School board member speaks out

A school board member responded to my current piece in the Times Union, this is her note and my responce unedited. I'll let you be the judge.

Dear Mr. Guerrieri:

I am writing to you in response to your letter to the editor regarding the members of the Duval County School Board's visit to Jean Ribault High School. I found your letter to be not only factually inaccurate but also potentially detrimental to the Jean Ribault High School family. Your letter feed into many stereotypes regarding the Ribault High community and the public perception that there are not diverse high performing students in the school. I must admit that I was surprised when I saw your letter because you had not struck me as someone who would form superficial, snap judgments about any school or its students.

Your letter starts off by saying that we did not meet with a truly representative sample of students at Ribault High. I found that assessment to be particularly odd in light of the fact that we meet with a group of students remarkably similar to the group of students we meet at your school, Ed White, in the spring of last school year.

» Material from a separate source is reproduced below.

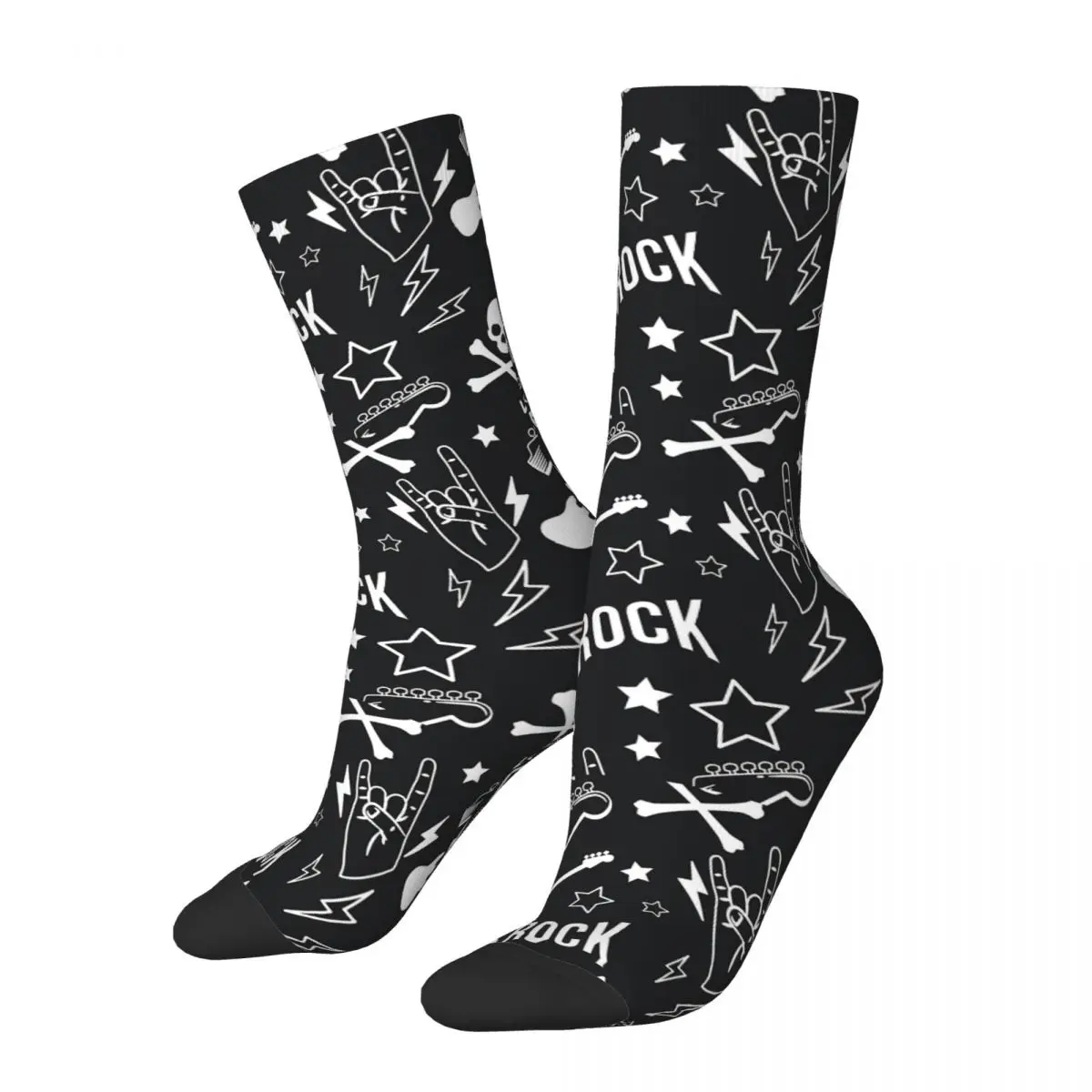 Hip Hop Retro Rocker Rock Music Pattern Crazy Men's Socks Heavy Metal 1960s Punk Unisex Harajuku Print Happy Crew Sock Boys Gift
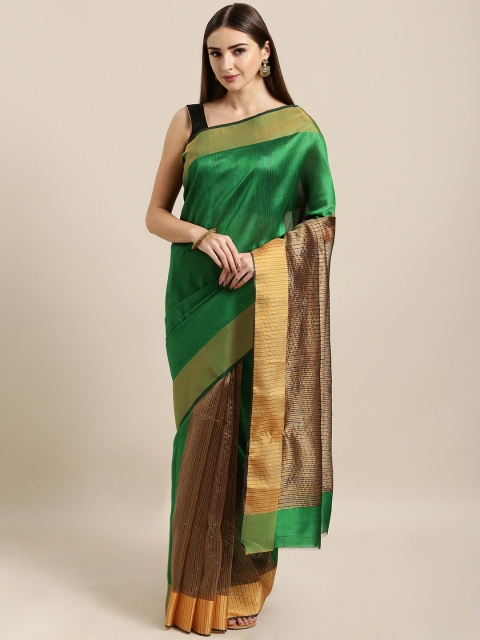 

KALINI Green Silk Cotton Solid Mangalagiri Saree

Just as was done at Ed White and Terry Parker High School, we allowed the school based administrator and his faculty to select the students that represented a true cross section of the school and that was the group of students we met with. Your letter would suggest that Ribault High does not have a cross section of diverse high achieving students but rather a monolith of students who all need remediation.

The next point you raise is this view that the visit to Ribault High School is the only visit by board members to schools. As a member of the board for almost eight years, the mother of four children who have all matriculated in the Duval County Public Schools during my tenure on the board, the wife of a teacher at Ribault High School, and the daughter of a former long time Duval County Public School teacher, I have always been engaged and active in our district's schools and have spent time working in and with them every week of my tenure on the board and prior to. My experience with the schools is remarkably similar to the level of involvement by each member of the Duval County School Board.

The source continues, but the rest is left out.